CLIC-dependent internalization of caveolin-1 to lysosomal vacuoles in response to osmotic regulation

Originally thought to be a major endocytic portal, a major function of caveolae is now considered to be a membrane buffer, in which flattening of caveolae protects the plasma membrane from rupture under mechanical stress, such as hypotonic shock. However, the fate of Cav1 in response to hypotonic shock is not known. Here, we show that extended hypotonic shock results in the robust, ubiquitin-independent, CLIC-dependent endocytosis of Cav1 to form large, intracellular, Cav1-positive lysosomal vacuoles that are positive for the lysosomal marker LAMP1 and negative for MVB markers and the acidic lysosome indicator Lysosensor. Cav1 recycles from these lysosomal vacuoles to the plasma membrane upon return to isotonic conditions.

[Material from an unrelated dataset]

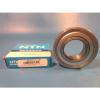 NTN 6206ZZ C3 EM Single Row Radial Ball Bearing Double Shielded (SKF, FAG, NSK) #1 small image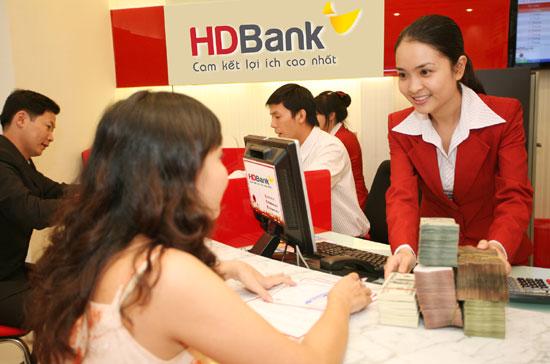 Theo HDBank, chương trình này sẽ giúp doanh nghiệp giảm bớt áp lực trả nợ khi đến hạn vì thời gian cho vay dài, chia thành nhiều kỳ trả lãi và nợ gốc.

Cav1 internalizes not in response to initial cell expansion upon hypotonic shock but rather subsequent reduction of cell volume. Upon hypertonic shock, Cav1 internalization occurs selectively in PC3 cells, that lack caveolae and the caveolar adaptor protein cavin-1, and is inhibited upon cavin-1 reintroduction. CLIC endocytosis of non-caveolar Cav1 to neutral pH lysosomes in response to osmotic regulation defines a novel recycling pathway for Cav1 to enable caveolae membrane buffering function.